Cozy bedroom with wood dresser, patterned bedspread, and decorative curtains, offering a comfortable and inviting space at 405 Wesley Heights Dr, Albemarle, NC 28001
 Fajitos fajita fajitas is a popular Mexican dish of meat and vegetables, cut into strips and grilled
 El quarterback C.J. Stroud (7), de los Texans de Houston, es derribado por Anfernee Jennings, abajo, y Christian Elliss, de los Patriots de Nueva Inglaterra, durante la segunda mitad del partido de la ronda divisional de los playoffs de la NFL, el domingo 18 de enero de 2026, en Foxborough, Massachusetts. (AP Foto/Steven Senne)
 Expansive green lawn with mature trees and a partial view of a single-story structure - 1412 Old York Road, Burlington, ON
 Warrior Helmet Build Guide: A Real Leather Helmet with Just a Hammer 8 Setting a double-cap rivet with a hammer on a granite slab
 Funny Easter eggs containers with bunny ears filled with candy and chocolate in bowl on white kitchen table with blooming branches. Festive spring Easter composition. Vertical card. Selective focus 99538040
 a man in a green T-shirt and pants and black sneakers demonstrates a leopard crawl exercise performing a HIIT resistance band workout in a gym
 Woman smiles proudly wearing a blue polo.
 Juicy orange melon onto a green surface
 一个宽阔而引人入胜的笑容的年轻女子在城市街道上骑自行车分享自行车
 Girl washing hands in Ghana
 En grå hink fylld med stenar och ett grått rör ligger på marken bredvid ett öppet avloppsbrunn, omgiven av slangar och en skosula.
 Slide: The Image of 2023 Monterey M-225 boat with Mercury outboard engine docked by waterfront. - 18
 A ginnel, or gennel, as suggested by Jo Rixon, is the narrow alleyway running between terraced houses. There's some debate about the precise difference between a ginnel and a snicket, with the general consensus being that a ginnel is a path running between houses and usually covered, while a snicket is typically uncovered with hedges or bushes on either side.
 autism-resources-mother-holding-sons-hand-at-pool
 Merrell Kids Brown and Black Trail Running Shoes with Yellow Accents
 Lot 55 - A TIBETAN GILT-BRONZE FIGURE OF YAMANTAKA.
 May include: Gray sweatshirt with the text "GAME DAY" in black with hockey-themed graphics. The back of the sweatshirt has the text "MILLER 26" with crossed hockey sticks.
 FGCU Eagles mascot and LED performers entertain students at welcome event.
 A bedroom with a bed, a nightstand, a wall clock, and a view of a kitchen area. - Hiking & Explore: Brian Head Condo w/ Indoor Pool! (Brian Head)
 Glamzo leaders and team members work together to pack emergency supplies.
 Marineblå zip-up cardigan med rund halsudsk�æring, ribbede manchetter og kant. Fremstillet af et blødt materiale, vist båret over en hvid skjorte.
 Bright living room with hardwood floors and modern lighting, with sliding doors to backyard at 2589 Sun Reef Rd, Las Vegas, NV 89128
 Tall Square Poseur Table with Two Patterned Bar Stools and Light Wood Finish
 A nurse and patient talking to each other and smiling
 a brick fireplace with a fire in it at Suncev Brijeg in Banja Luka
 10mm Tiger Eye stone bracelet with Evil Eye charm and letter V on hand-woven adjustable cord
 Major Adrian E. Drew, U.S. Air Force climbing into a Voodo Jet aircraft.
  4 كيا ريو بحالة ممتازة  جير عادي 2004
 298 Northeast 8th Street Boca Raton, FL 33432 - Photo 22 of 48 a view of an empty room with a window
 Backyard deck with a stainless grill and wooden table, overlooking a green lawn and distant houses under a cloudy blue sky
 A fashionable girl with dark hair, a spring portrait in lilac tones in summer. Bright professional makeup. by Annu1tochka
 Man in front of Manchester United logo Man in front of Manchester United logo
┄┄┄┄┄┄┄┄┄┄
§ **To do**: Would you output, from the records above, exactly the run of lines that starts at the line containing "a man in a green" and ends at the line containing "autism-resources-mother-holding-sons-hand-at-pool", and only that run?

§ **Answer to this exercise**:
 a man in a green T-shirt and pants and black sneakers demonstrates a leopard crawl exercise performing a HIIT resistance band workout in a gym
 Woman smiles proudly wearing a blue polo.
 Juicy orange melon onto a green surface
 一个宽阔而引人入胜的笑容的年轻女子在城市街道上骑自行车分享自行车
 Girl washing hands in Ghana
 En grå hink fylld med stenar och ett grått rör ligger på marken bredvid ett öppet avloppsbrunn, omgiven av slangar och en skosula.
 Slide: The Image of 2023 Monterey M-225 boat with Mercury outboard engine docked by waterfront. - 18
 A ginnel, or gennel, as suggested by Jo Rixon, is the narrow alleyway running between terraced houses. There's some debate about the precise difference between a ginnel and a snicket, with the general consensus being that a ginnel is a path running between houses and usually covered, while a snicket is typically uncovered with hedges or bushes on either side.
 autism-resources-mother-holding-sons-hand-at-pool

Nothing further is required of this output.